Abstract

Two-dimensional numerical modeling and geological and geophysical constraints from ancient and modern magmatic arcs demonstrate that magmatic heat advection is sufficient to produce low-pressure metamorphic belts in many areas, and that it is apparently necessary in some areas. In the western United States and other areas, regionally extensive low-pressure facies-series metamorphism (LPM) occurs where intrusions form >∼50% of the upper crust. Numerical models indicate that coalescence of thermal aureoles from multiple felsic intrusions can produce regionally extensive LPM where the abundance of intrusions exceeds ∼50%. This effect does not depend strongly on the rate of emplacement; LPM results even with complete cooling between intrusions. Models with geologically reasonable emplacement rates show that in an active magmatic arc, temperatures are near metamorphic maxima for only a small fraction of the time. Arc magmatism cannot sustain widespread thermal gradients of the magnitude indicated by the final distribution of LPM, a result consistent with heat-flow data in active arcs. Low-pressure metamorphic belts can thus develop through numerous local, short-lived metamorphic events while most of the crust remains considerably cooler. Metamorphic maxima largely depend on the biggest nearby intrusion; emplacement rates and other heat sources affect mainly the magnitude, not the distribution of metamorphism.

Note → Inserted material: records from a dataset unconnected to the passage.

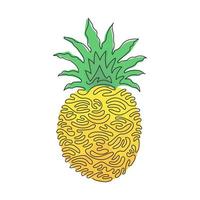 fruta de piña de dibujo de una sola línea. frutas de verano para un estilo de vida saludable. frutas tropicales exóticas y deliciosas. estilo de rizo de remolino. Ilustración de vector gráfico de diseño de dibujo de línea continua moderna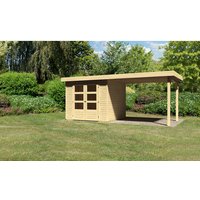 KARIBU Gartenhaus »ASKOLA 3,5«, Holz, BxHxT: 497 x 211 x 217 cm (Außenmaße inkl. Dachüberstand) – beige KARIBU Gartenhaus »ASKOLA 3,5«, Holz, BxHxT: 497 x 211 x 217 cm (Außenmaße inkl. Dachüberstand) – beige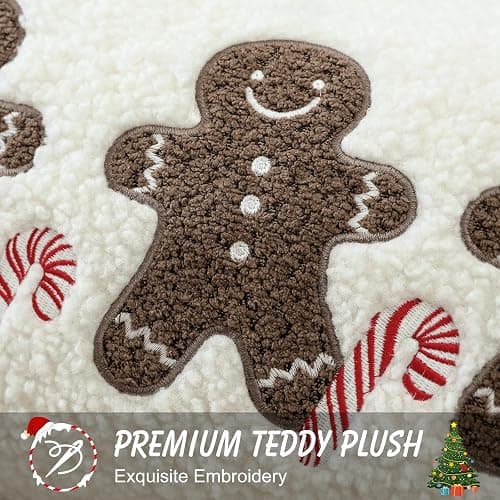 Artscope Gingerbread Man Lumbar Throw Pillow Cover 12x20 Inch | Winter Holiday Teddy Fleece Soft Fuzzy Morden Farmhouse Accent Decorative Cushion Covers for Xmas Couch Sofa Bed Home Decor thumbnail 3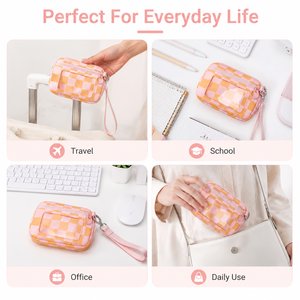 Monedero a Cuadros, Mini Bolsa Portátil con Correa para la Muñeca, Bolsa <span class=keywords><strong>de</strong></span> Almacenamiento Pequeña para Viajes, Escuela, Uso Diario, OEM Personalizado - Product Image 5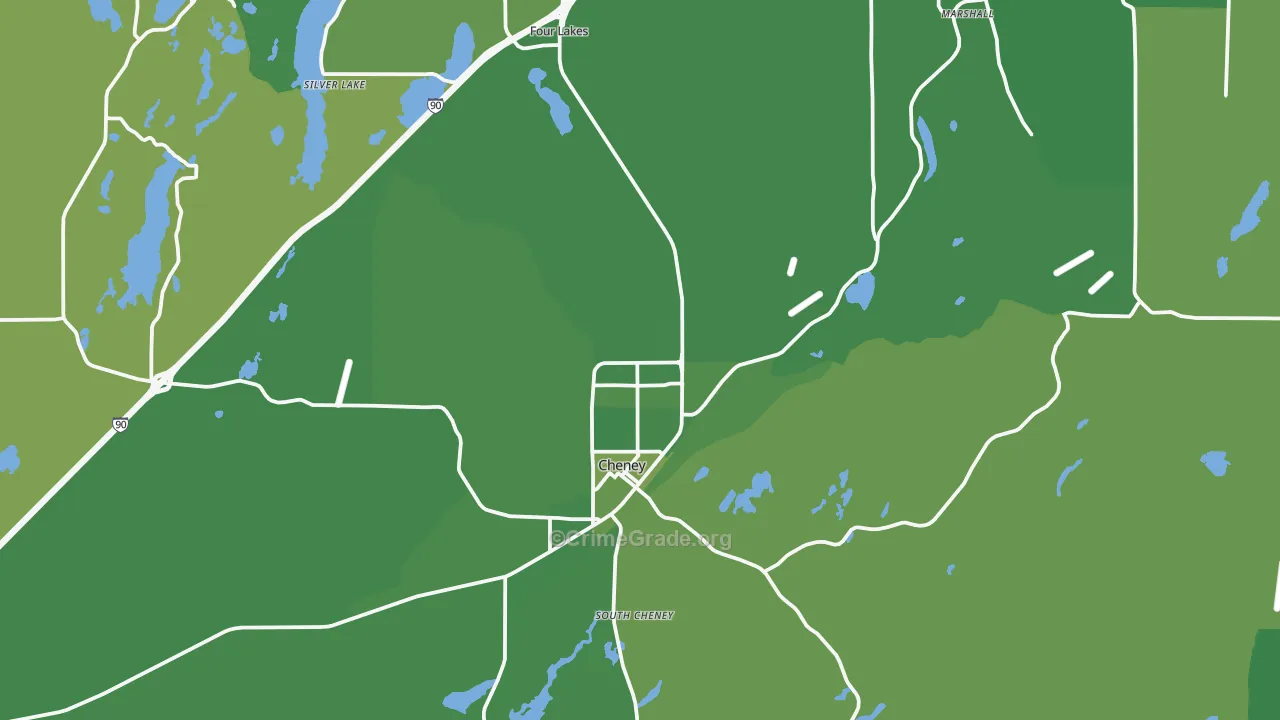 Cheney, WA Map of Vehicle Theft Rates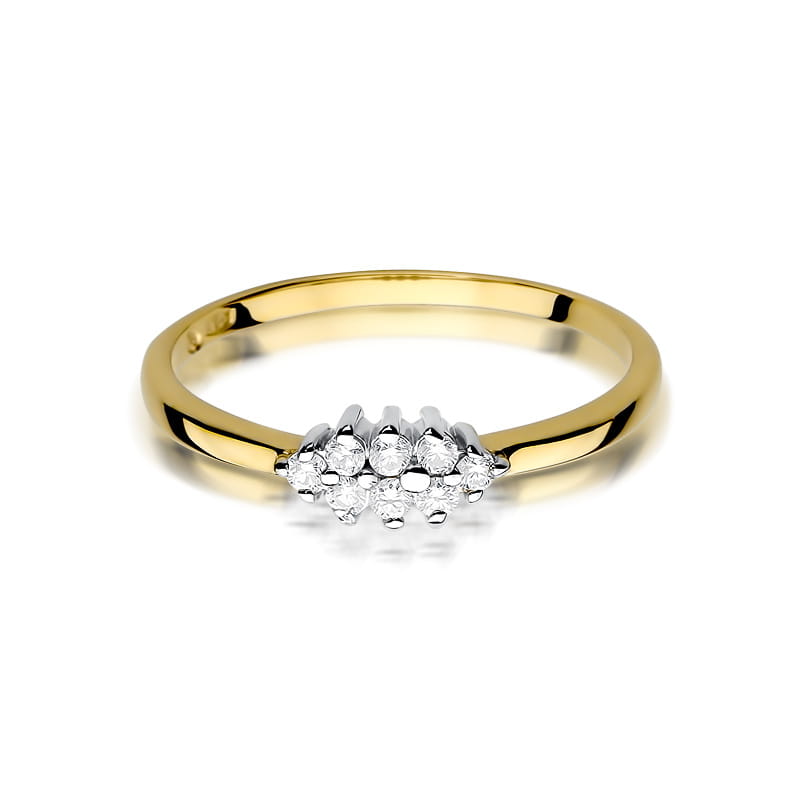 Prsteň W427 s diamantmi, žlté zlato Au 585/1000 - 1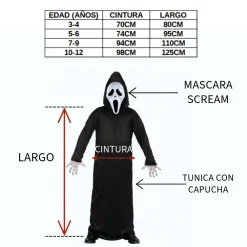 Clearance Kebedo Moda Disfraz Scream Fantasma Scary Movie Infantil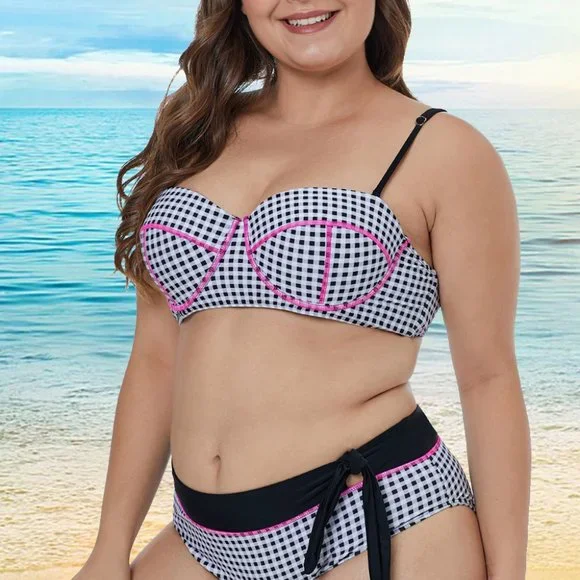 Dreamkue White Contrast Piping Tartan Printed Pattern Plus Size Bikini - Picture 5 of 6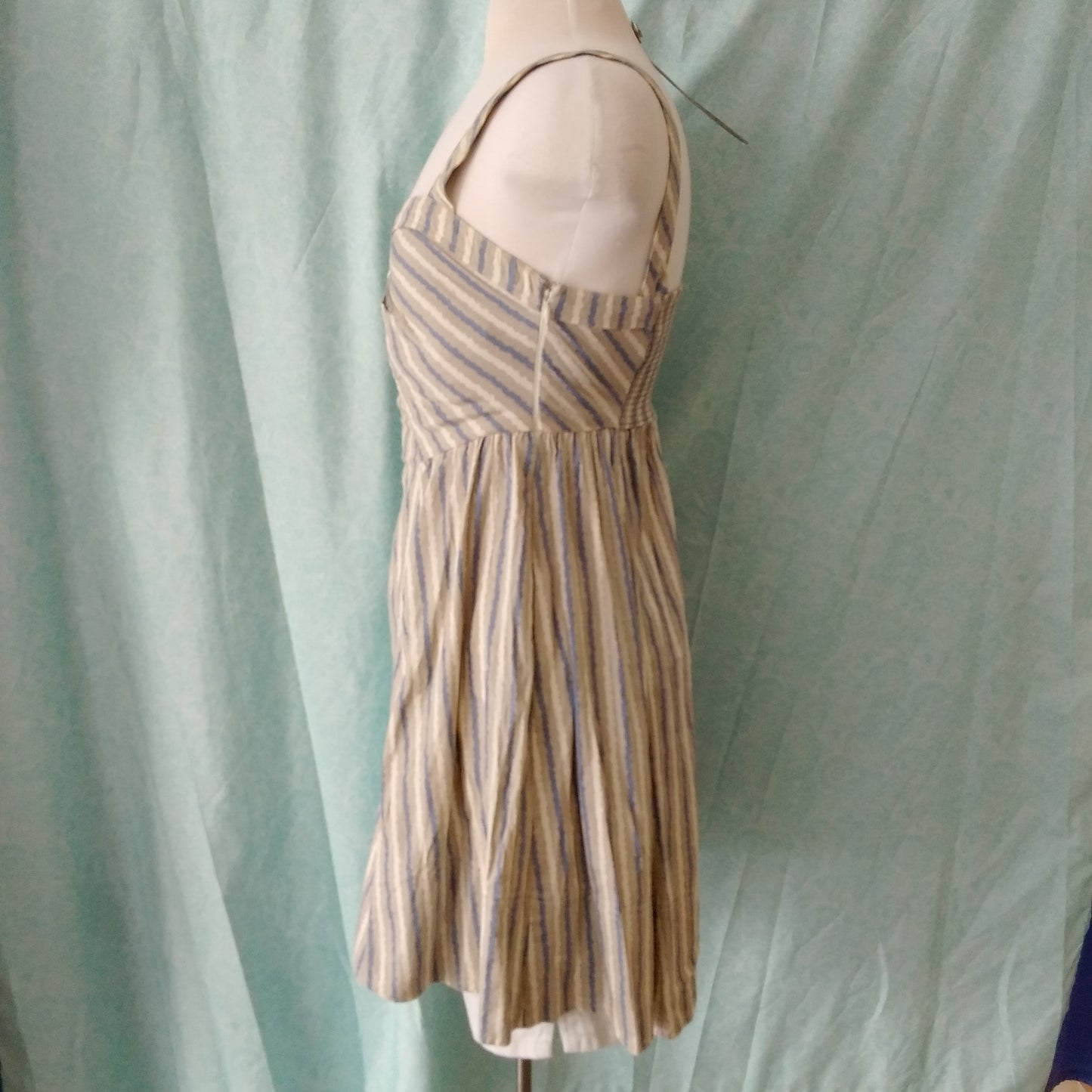 Free People Blue White Grey Sleeveless Mini Dress - 2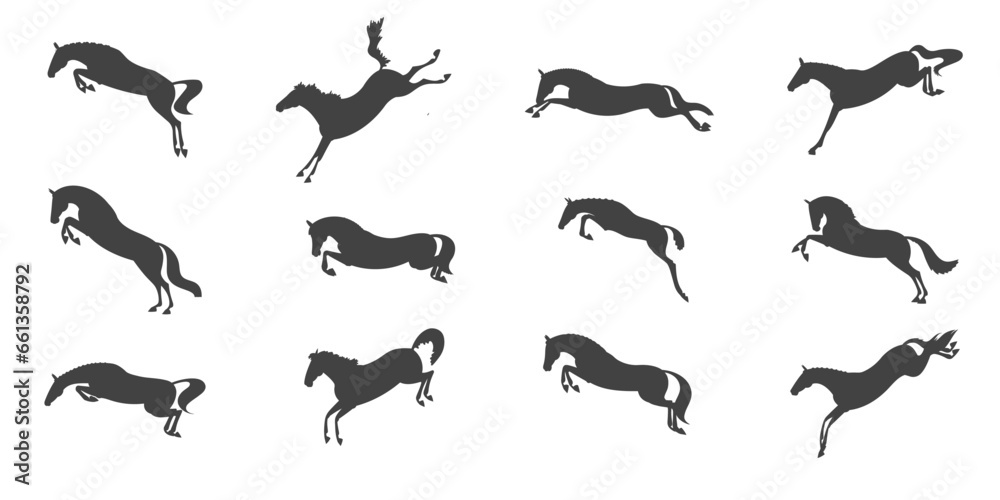 Horses in different jumping phases, vector silhouettes Horses in different jumping phases, vector silhouettes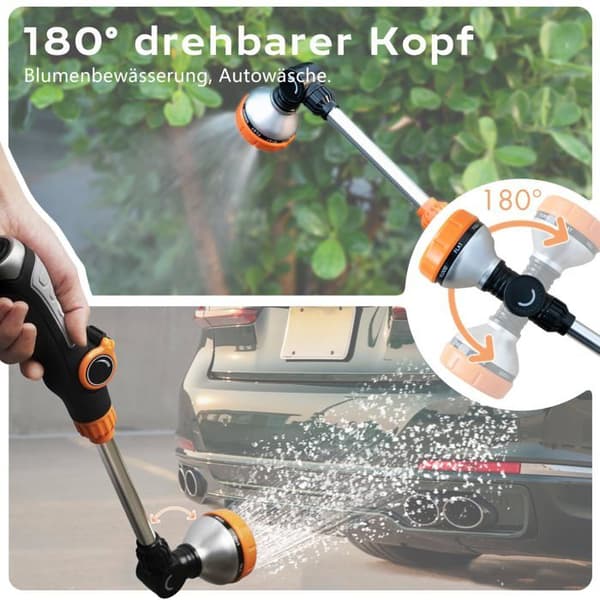 42 cm hagesprøyte – 8 funksjoner – 180° svingbart hode – sink-aluminiumlegering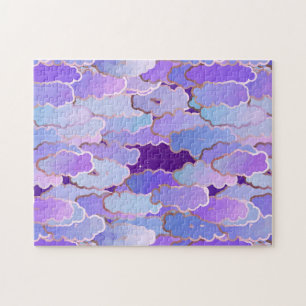 Puzzle Japanese Clouds, Twilight, Violet and Deep Purple 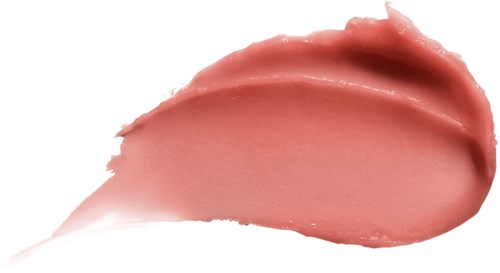 A smear of pink lipstick across a white background, showing texture and shine.
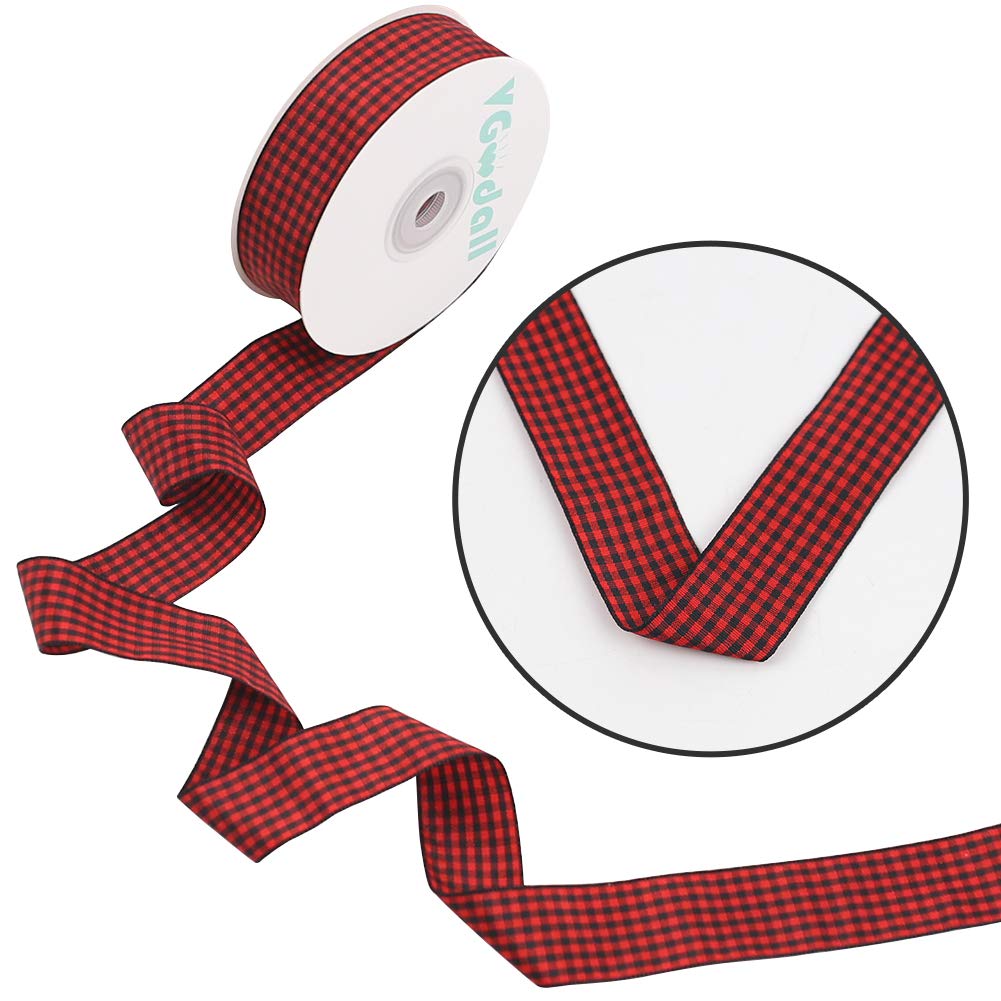 Buffalo Plaid Ribbon Decoration-25 Yards ×1 Inch Black Red Plaid Ribbon, Decorate Your House,Christmas Wreaths,Staircase and DIY Any Kind of Style You Like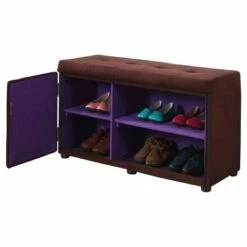Shoe Storage Ottoman 18" - Brown - Ore International
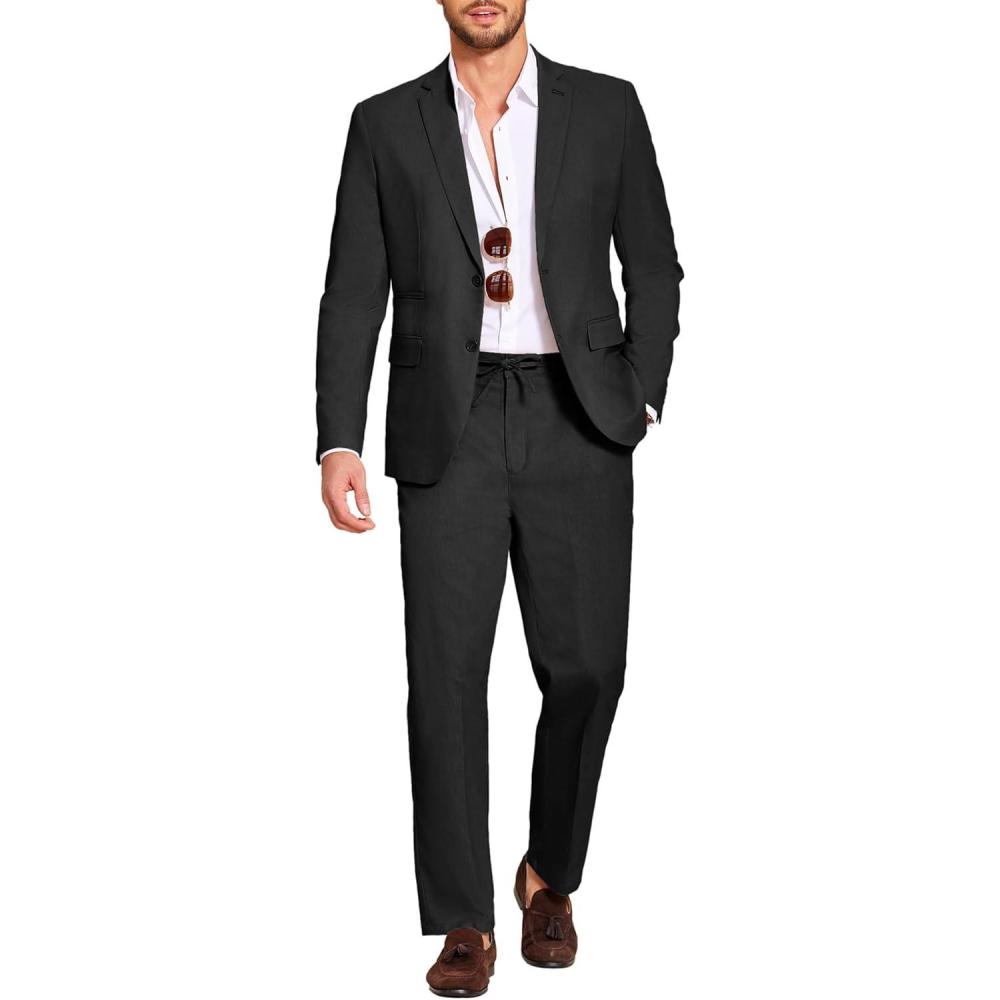 imageCOOFANDY Mens 2 Piece Linen Suits Set Regular Fit Casual Lightweight Blazer Jacket and PantsBlack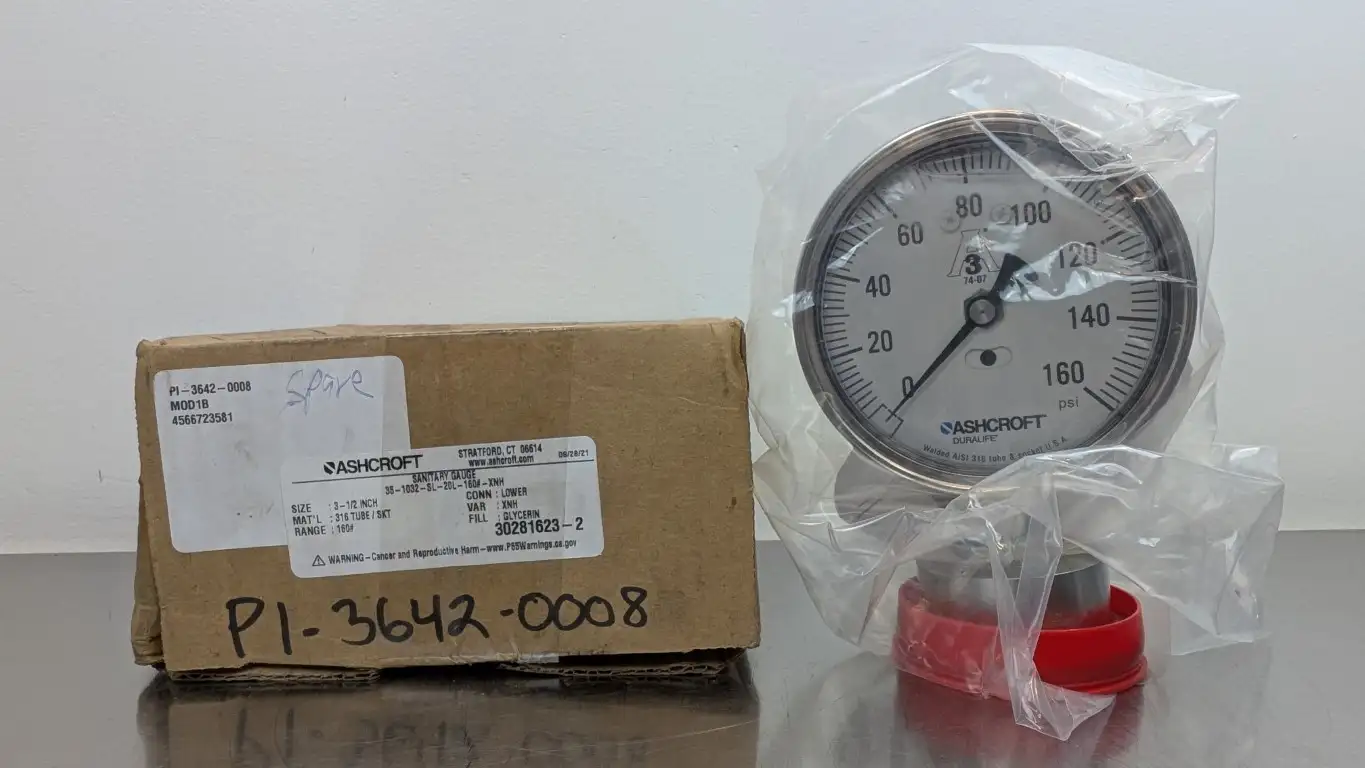 Ashcroft 35-1032-SL-20L-160#-XNH Sanitary Pressure Gauge 3-1/2″ OD 0-160 PSI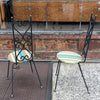 Pair of High Back Wrought Iron Scroll Patio Chairs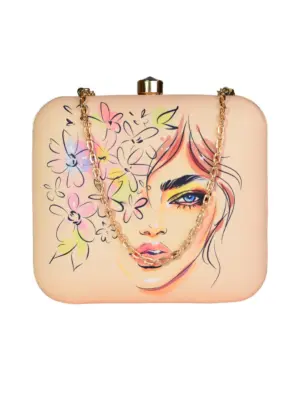 Half Women Portrait Printed Clutch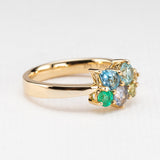 Fallen Leaves Ring with Sapphire & Emerald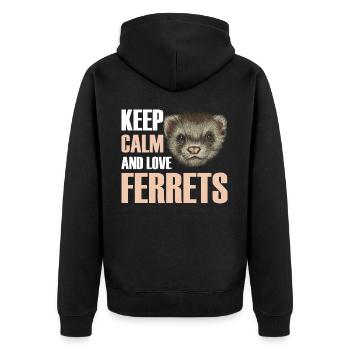 Frettchen - Unisex Premium Bio Zip Hoodie - Schwarz - Hinten - Nico (187cm)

A simulation based on the distribution and U-Pb geochronometry of the composite Sierra Nevada batholith compares favorably with the observed distribution of metamorphic grades and temperature histories; coeval medium-pressure facies-series metamorphism to the east of the batholith requires a different mechanism. Predicted surface heat flow is qualitatively similar in magnitude and distribution to that measured in modern arcs. Sequential intrusions can produce brief (<1 m.y.) high-grade events after several million years of lower-grade metamorphic conditions, providing a mechanism for hornfelsic textures to overprint schistose textures formed during the same event. Alternative mechanisms for LPM include (1) rapid uplift during extension or following crustal thickening and (2) deep heat sources (including magmas). These mechanisms are inconsistent with the geologic record in areas such as the western United States, where large near-surface gradients, lack of requisite major (>10 km) uplift, and evidence for moderate over-all paleothermal gradients require high-level advection of heat. This model of relatively cool crust punctuated by local, short-lived thermal events differs significantly from the image of a broad, uniform thermal maximum that might be drawn from the spatial distribution of LPM; it has implications for crustal deformation igneous petrogenesis, and the interpretation of high metamorphic gradients in Archean terranes.